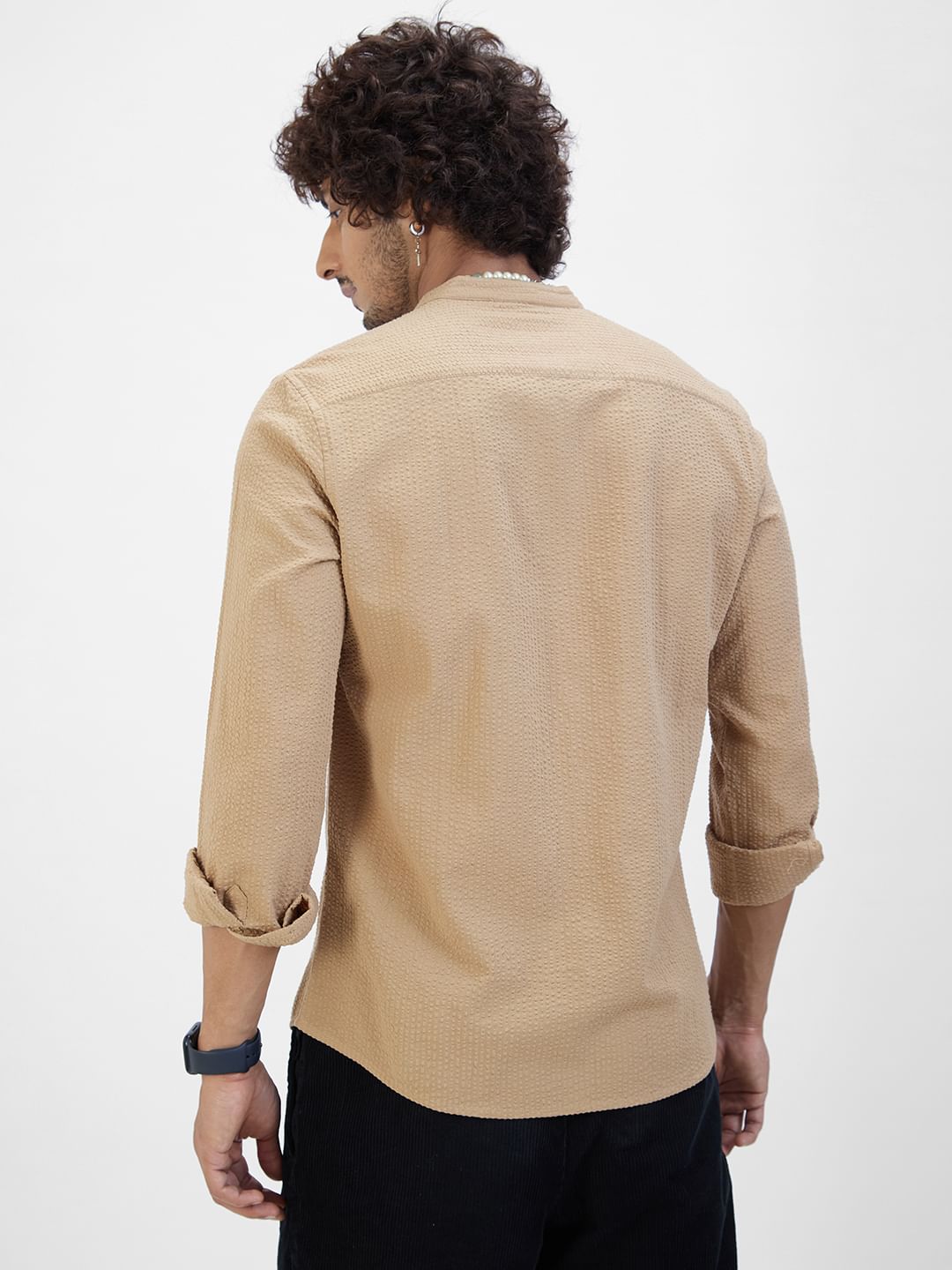 Camel Brown Seersucker Shirt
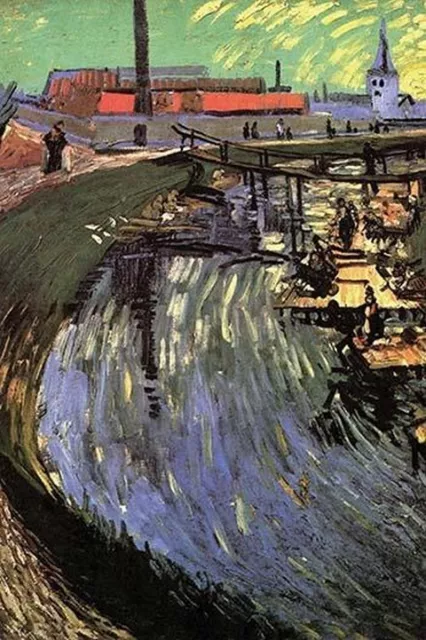 Canal with Women Washing by Vincent van Gogh - Art Print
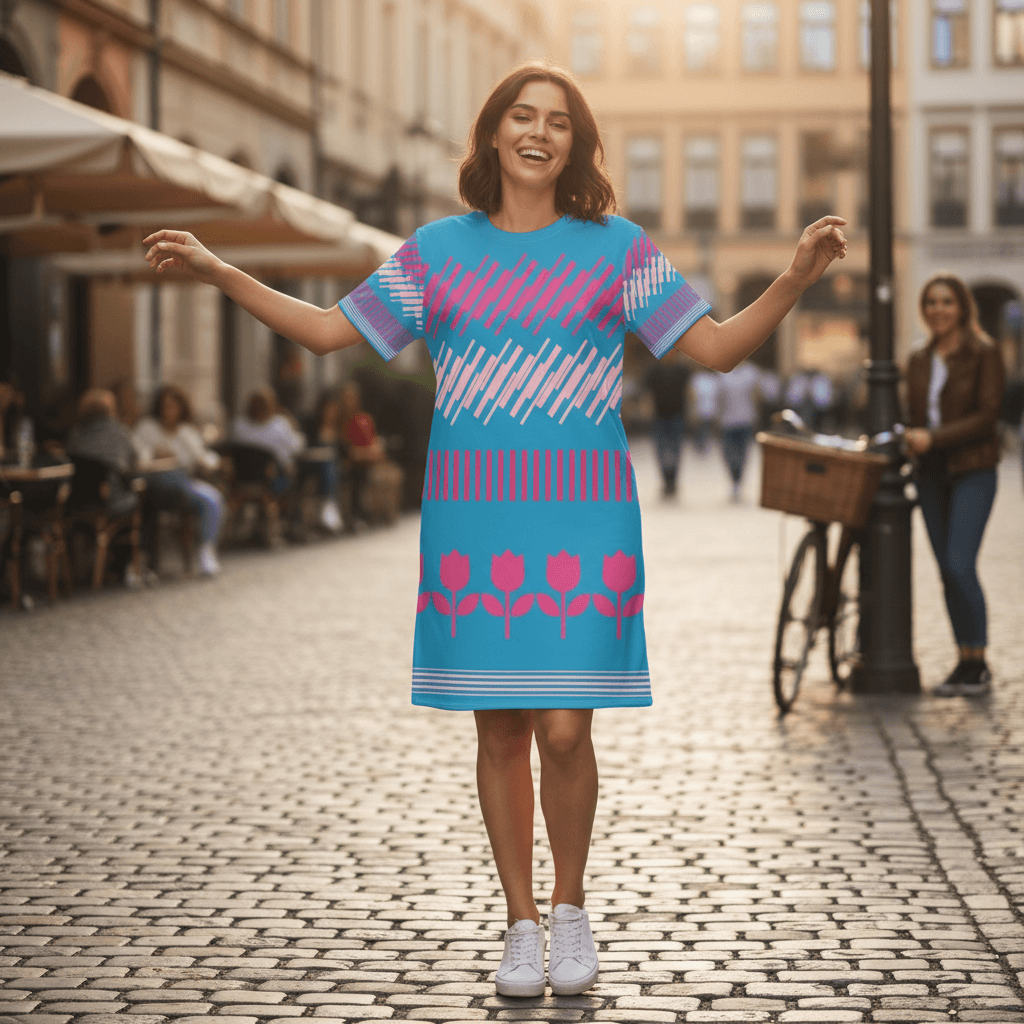 Blue Geo Flora T-Shirt Dress | All-Over Print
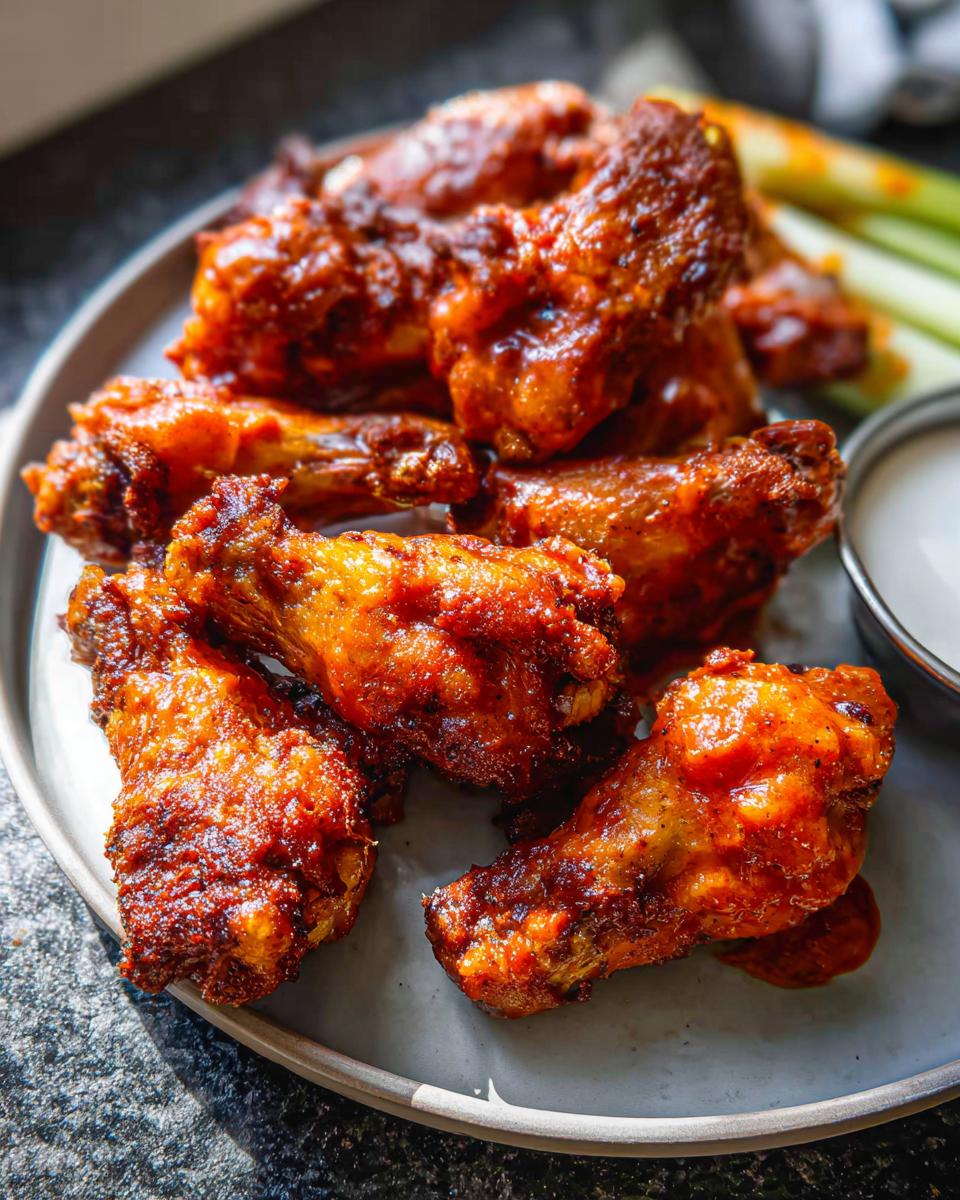 A plate of glossy, saucy chicken wings with celery sticks and a side of dipping sauce.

EXERCISE
Everything in the listing, except its images, should be set down exactly.

SOLUTION
 Camel Brown Seersucker Shirt
 Canal with Women Washing by Vincent van Gogh - Art Print
 Blue Geo Flora T-Shirt Dress | All-Over Print
 A plate of glossy, saucy chicken wings with celery sticks and a side of dipping sauce.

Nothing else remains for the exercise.